[Saved entries]
◆ ◆ ◆

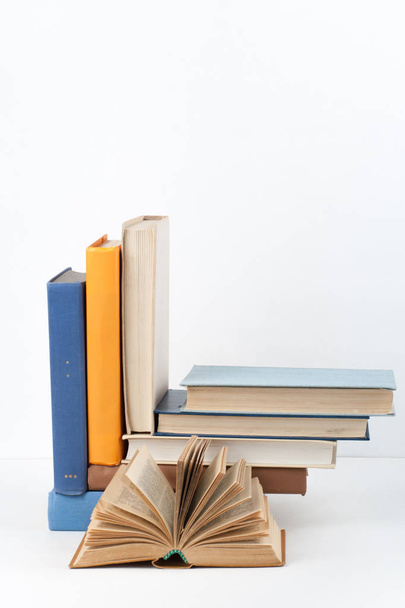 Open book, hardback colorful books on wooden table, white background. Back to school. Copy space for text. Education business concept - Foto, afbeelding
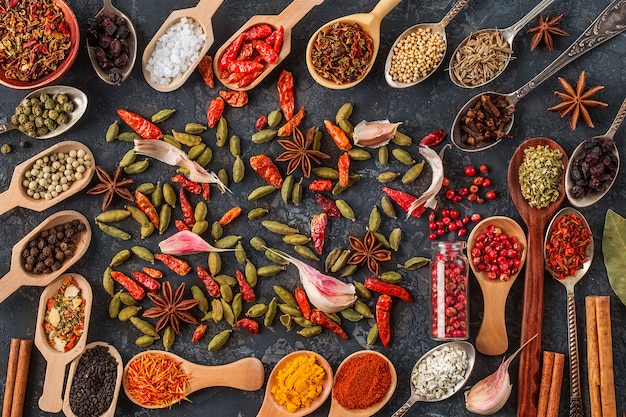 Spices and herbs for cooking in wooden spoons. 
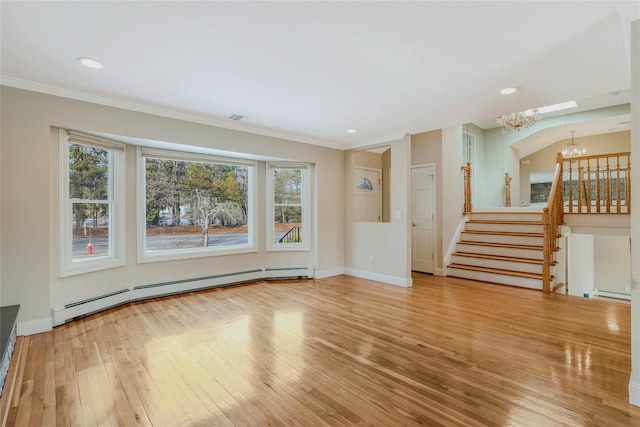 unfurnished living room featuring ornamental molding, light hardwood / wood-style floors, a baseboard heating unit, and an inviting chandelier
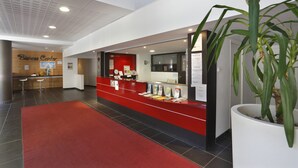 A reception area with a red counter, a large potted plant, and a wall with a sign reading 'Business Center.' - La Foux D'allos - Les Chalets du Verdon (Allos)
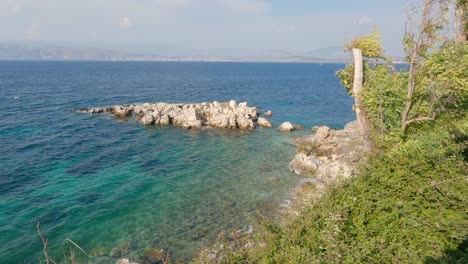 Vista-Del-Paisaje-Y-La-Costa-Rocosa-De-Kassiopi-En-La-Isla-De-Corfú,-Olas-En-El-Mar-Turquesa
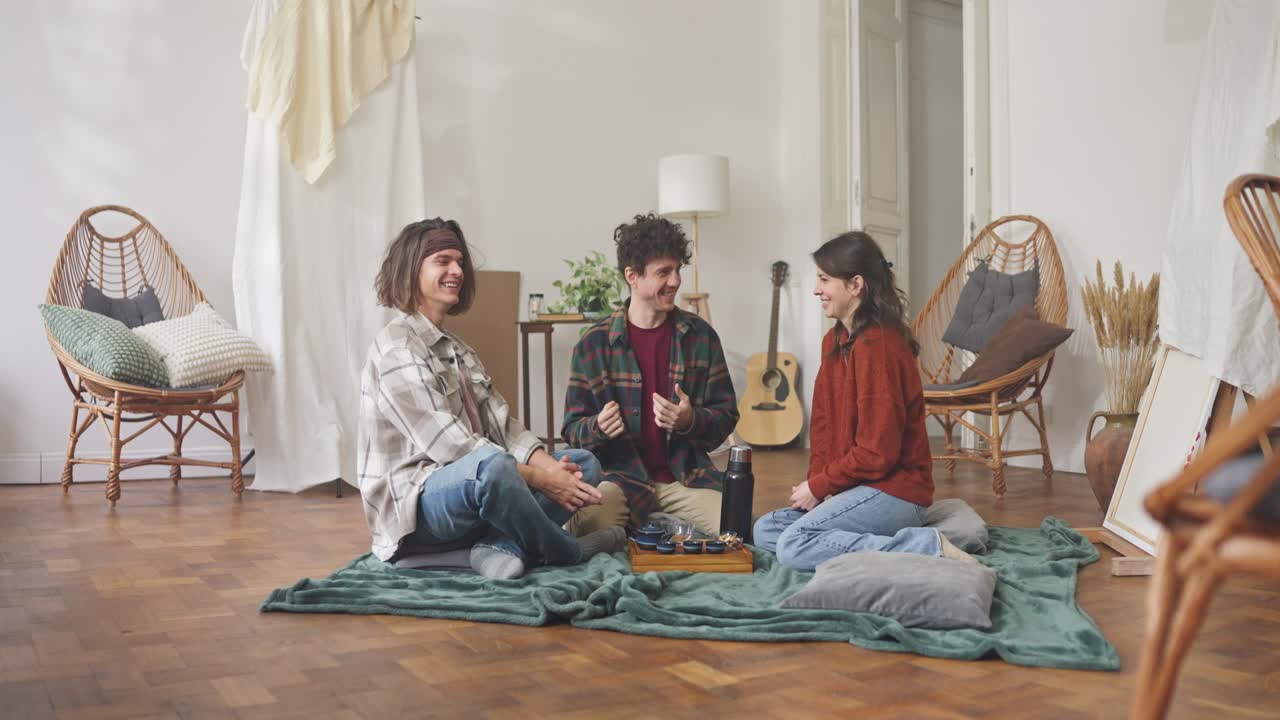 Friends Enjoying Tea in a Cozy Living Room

◆ ◆ ◆

* Assigned task:
Set all of the records down once more, letter for letter, with the images removed.

* Response for this exercise:
 Open book, hardback colorful books on wooden table, white background. Back to school. Copy space for text. Education business concept - Foto, afbeelding
 Spices and herbs for cooking in wooden spoons. 
 unfurnished living room featuring ornamental molding, light hardwood / wood-style floors, a baseboard heating unit, and an inviting chandelier
 A reception area with a red counter, a large potted plant, and a wall with a sign reading 'Business Center.' - La Foux D'allos - Les Chalets du Verdon (Allos)
 Vista-Del-Paisaje-Y-La-Costa-Rocosa-De-Kassiopi-En-La-Isla-De-Corfú,-Olas-En-El-Mar-Turquesa
 Friends Enjoying Tea in a Cozy Living Room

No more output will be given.